First, between 1989 and 1990, the Communist bloc disintegrated. It instantly became clear that neither the Soviet Union nor Eastern Europe were what South Korean student radicals somehow believed them to be, namely a paradise of workers’ rights, general well-being, and true democracy, lands where happy peoples enjoyed an eternal bliss of a near-perfect social system.

Second, in the mid-1990s, the dramatic increases in contact and interaction with North Korea (both direct and indirect, via China) made it impossible to dismiss reports of North Korea’s destitution as “fabrications of the reactionary forces” and “lies of CIA-paid hacks.” It began to dawn on South Korean leftists that North Korea was a very poor Third World country run by an authoritarian government (they still cannot make themselves utter the word “dictatorship” when talking about the Kim dynasty). Up until now, many of South Korea’s self-styled “progressive intellectuals” have remained remarkably willing to overlook even the most repulsive features of the Pyongyang regime, while being unforgiving when it comes to abuses committed by the South Korean military dictators.
Nonetheless, their initial enthusiasm for a Juche utopia vanished by the mid-1990s.

In the heyday of South Korean student radicalism, during the late 1980s, a vocal minority of activists believed that the country should be unified under some version of Leninist Socialism, more or less similar to the then-current North Korean system. The majority, however, preferred a less radical solution and talked of a confederative state where both parts of Korea would keep their peculiarities whilst moving toward a compromise in social and political terms. Theoretically, the South Korean Left, including its moderate factions, still prefers a confederation, obviously in the hope that within such a confederation a sufficiently “progressive” (read: non-market) model could prevail somehow.
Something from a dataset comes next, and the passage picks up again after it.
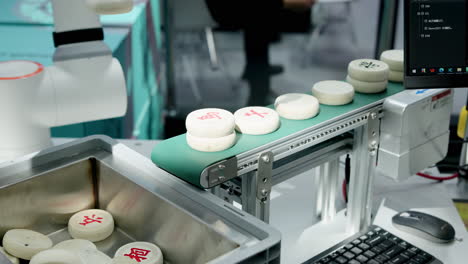 robotic arm handling chinese chess pieces on an automated conveyor belt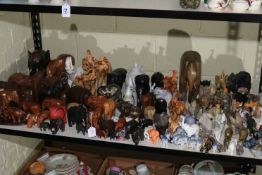 Large collection of ornamental elephants.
Meanwhile, the mainstream also moved far away from the anti-Communism of former times while discovering important reasons to be skeptical about the prospect of unification as it had been understood before. Since the mid-1990s a growing number of younger South Koreans have began to quietly entertain doubts as to whether unification at the first opportunity would be such a good idea.

This ongoing shift of opinions reflected changes in South Korean society. The number of people in the South who have ever had direct personal connection with the North is dwindling. As of 2010, people born before 1940 constituted merely 9.8 percent of South Korea’s population.
12
They are the only people, however, who might possibly have some first hand memories of the North or North Korean relatives and family members.
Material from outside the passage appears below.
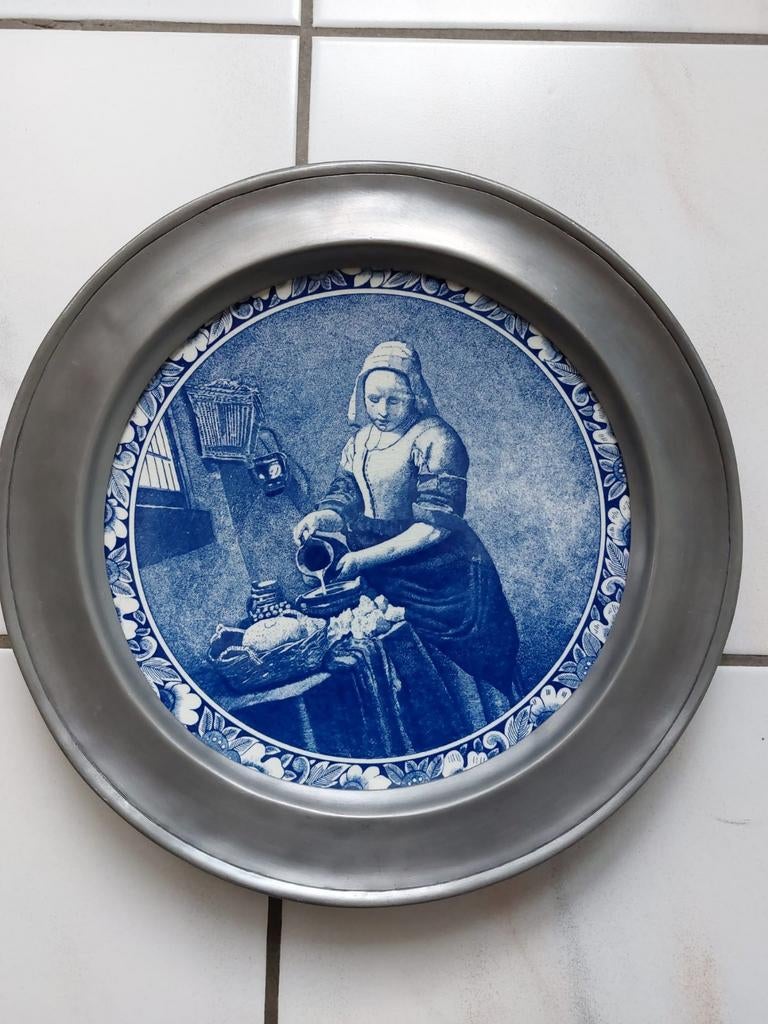 Delfts blauw bord met tinnen rand., Enlèvement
The bitter German experience also played a major role in the reassessment of a once rosy attitude toward the unification. News from Germany made Seoul decision makers and the general public realize that the unification of the North and South would be vastly more expensive than anybody had imagined. The difference in per capita income between East and West Germany was 1:2 or 1:3, while in Korea, even if one believes the most optimistic estimate, the ratio is 1:15 (pessimists think it is closer to 1:40). The ratio of the population is also less favorable than in Germany. Taking into consideration the ongoing German troubles, well known in Seoul, this sounds like a recipe for disaster.

The generational shift contributed to changes as well. The politically active youngsters of the 1980s (now in their 40s or even early 50s) wanted unification because they were both leftist and nationalist. Their fathers (now in their 60s and older) wanted unification because they were anti-Communist and nationalist. However, the youngest generation—the 386ers’ children and younger siblings—are different. Born in the 1980s and 1990s, they are less nationalistic, less anti-American, more pro-market, and, most significantly, they do not really see North Korea as a part of their national community and tend to associate unification with economic hardship, not with the realization of some great national dream.

This slow-motion decline of the once-universal enthusiasm for unification is reflected by public opinion polls. In 1994 91.6 percent of South Koreans said they considered unification “necessary.” In 2007, according to a poll conducted by Seoul National University, the number of such people shrank to 63.8 percent.

It is especially important that age matters: the younger a South Korean is, the less likely he or she will be enthusiastic about unification. A 2010 Seoul National University study of attitudes about unification indicated that 48.8 percent of South Koreans in their 20s said that “unification is necessary.” These youngest participants actually constitute the only age group where the unification idea was supported only by a minority. Among people in their 30s, 55.4 percent of the participants agreed that “unification is necessary,” and among those over 50, 67.3 percent favored unification.
13
This is not a surprise—everybody who interacts with younger South Koreans is aware that serious doubts about unification are common and indeed almost universal in this milieu. These people know that unification will be very expensive, and they do not quite understand why they should pay this money.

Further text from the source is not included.